AI Safety, Anthropomorphizing, and Action Spaces
Question: Why doesn't AlphaGo ever try to spell out death threats on the board and intimidate its opponent into resigning? This seems like it would be a highly effective strategy for winning.
At a guess AlphaGo doesn't because it isn't an agent. Which just passes the buck to why isn't it an agent, so at a guess it's a partial agent. What this means is kind of like, it's a good sport - it's not going to try to spell out death threats. (Though this seems more to do with it a) it not knowing language - imagine trying to spell out threats to aliens you've never seen on a Go board, when a1) you don't have a language, a2) the aliens don't know your language, and b):
It's answering a question about its model of the world which is different from the real world.

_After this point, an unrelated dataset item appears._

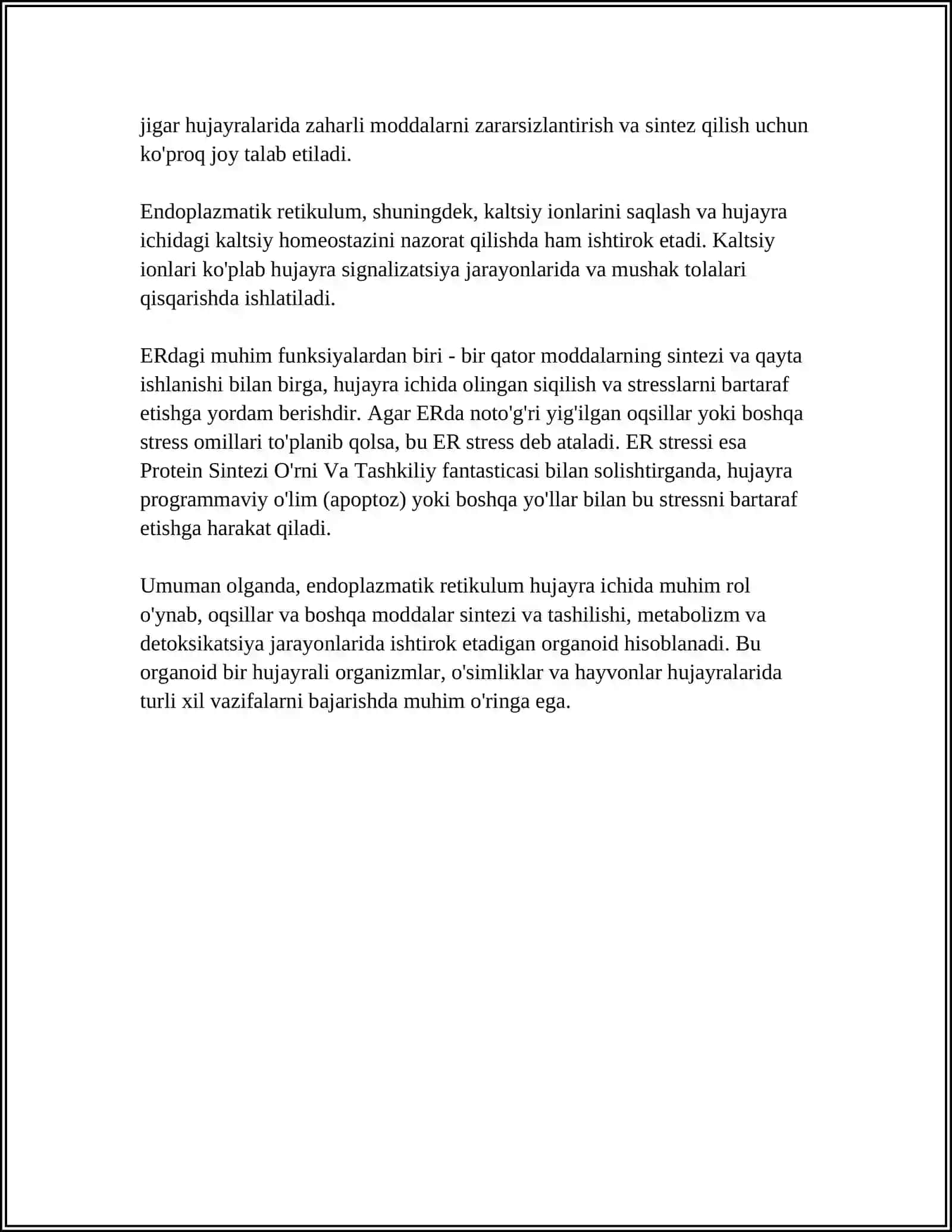 ENDPLAZMATIK RETIKULUMNING(EPR).RIBOSOMA. GOLJI APPARATI VA LIZOSOMALAR 4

) Though it was trained via simulation/watching pro games (depending on the version). If you just trained such a program on a database where that was a strategy, maybe you'd get something that would. Additionally, AI has a track record of also being (what some might call) a bad sport - using "cheats" and the like. It's kind of about the action space and the training I'd guess.
Basically, if you're looking for an AI to come up with new ways of being evil, maybe it needs a head start - once a bot understands that some patterns spelled out on the board will work well against a certain type of opponent*, maybe it'll try to find patterns that do that. Maybe it's an "architecture" issue, not a training issue - Monte Carlo Tree Search might be well suited to beating Go, but not to finding ways to spell out death threats on a Go board in the middle of a game. (I also don't think that's a good strategy a priori.)
*You could test how different ways of training turn out if you add a way to cheat/cheatcodes - like if you spell out "I WIN" or one swear word** you win.
**I imagine trying to go all the way to threats immediately (inside the game Go) isn't going to go very fast, so you have to start small.
My thoughts on this:
The main reason seems to me that Alpha Go is trained primarily on self-play, or on imitating existing top players, and as such there is very little training data that could cause it to build a model that includes humans (and it isn't remotely good enough at generalization to generalize from that training data to human models).
In a world where Alpha Go was trained on a very accurate simulation of a human, in the same way, I expect that it would learn intimidation strategies reasonably well, in particular if the simulated humans are static and don't learn in response to Alpha Go's actions.